3. Practice self-compassion
Having self-compassion is key when experiencing disappointment. It’s a time to be gentle with ourselves rather than critical. Professor Kirsten Neff reminds us that self-compassion involves treating oneself with the same warmth, care, and empathy that one would offer to a close friend or loved one facing similar challenges.
When we support our young people to be compassionate with themselves, we remind them that suffering and setbacks are a natural and universal part of the human experience. We acknowledge that everyone encounters difficulties and failures at some point in their lives, so they don’t feel isolated or inadequate in their struggles.
Prioritising physical self-care in the form of sleep, exercise, rest, deep-breathing and healthy eating is an important step in recharging their emotional battery.
4. Be mindful
Mindfulness is a powerful coping tool when we feel disappointed or are experiencing other negative emotions. It’s about being in the present moment with non-judgmental acceptance. Practising mindfulness allows us to accept our thoughts, feelings, and experiences of disappointment without over-identifying with them or becoming overwhelmed by them. Mindfulness reduces rumination, the repetitive and unproductive dwelling on negative thoughts and emotions. During moments of disappointment, it's common to get caught up in self-blame or resentment. Mindfulness creates space between our thoughts and our reactions.
5. Take perspective
I have always loved this quote by Nobel laureate, Professor Daniel Kahneman: ‘Nothing in life is as important as you think it is, while you are thinking about it’. The quote reminds us to maintain perspective and that although our current thoughts and concerns may feel all-consuming in the moment, they may not hold the same significance when viewed from a broader perspective. It encourages us to step back and consider the relative importance of our present thoughts and worries in the grand scheme of things.
During my time teaching at St Andrew's, I have witnessed and supported students grappling with profound disappointment and then seen the fruits of their increased resilience come to life months or even years later. Regrettably, foresight doesn't always afford us the luxury of connecting these dots in advance. When we encourage our young people to consider the long-term implications and align their actions with their core values, we foster a shift in perspective from the immediacy of the present to a broader, more nuanced understanding of their journey. It's a matter of directing our focus and attention toward the bigger picture.
6. Seek support
Lastly, seeking support from others can be an important aspect of processing disappointment. Whether it's confiding in a trusted friend, family member, or mental health professional, sharing our feelings with others can provide validation, perspective, and emotional support, helping us feel less alone in our struggles.

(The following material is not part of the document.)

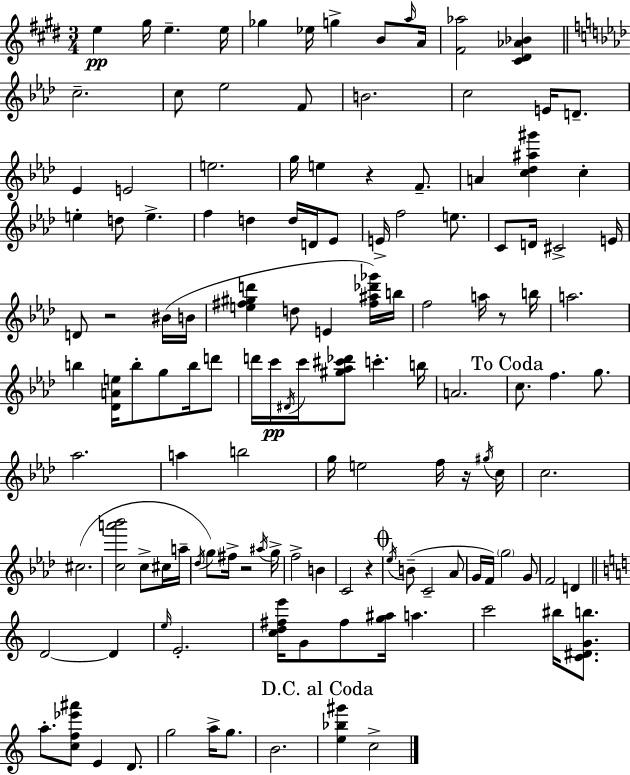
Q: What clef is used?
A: treble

As we guide and nurture our students through their journey at St Andrew's, it's essential we recognise that success and disappointment are two sides of the same coin. While we strive to support our young people in achieving their goals and experiencing triumphs, it's equally crucial to equip them with the tools to navigate disappointment and loss effectively. By encouraging our students to embrace effective coping strategies, we empower them to navigate disappointment with strength, resilience, acceptance, and compassion, ultimately fostering their growth and development as individuals in the future.
How do you support your child to manage expectations and process disappointment?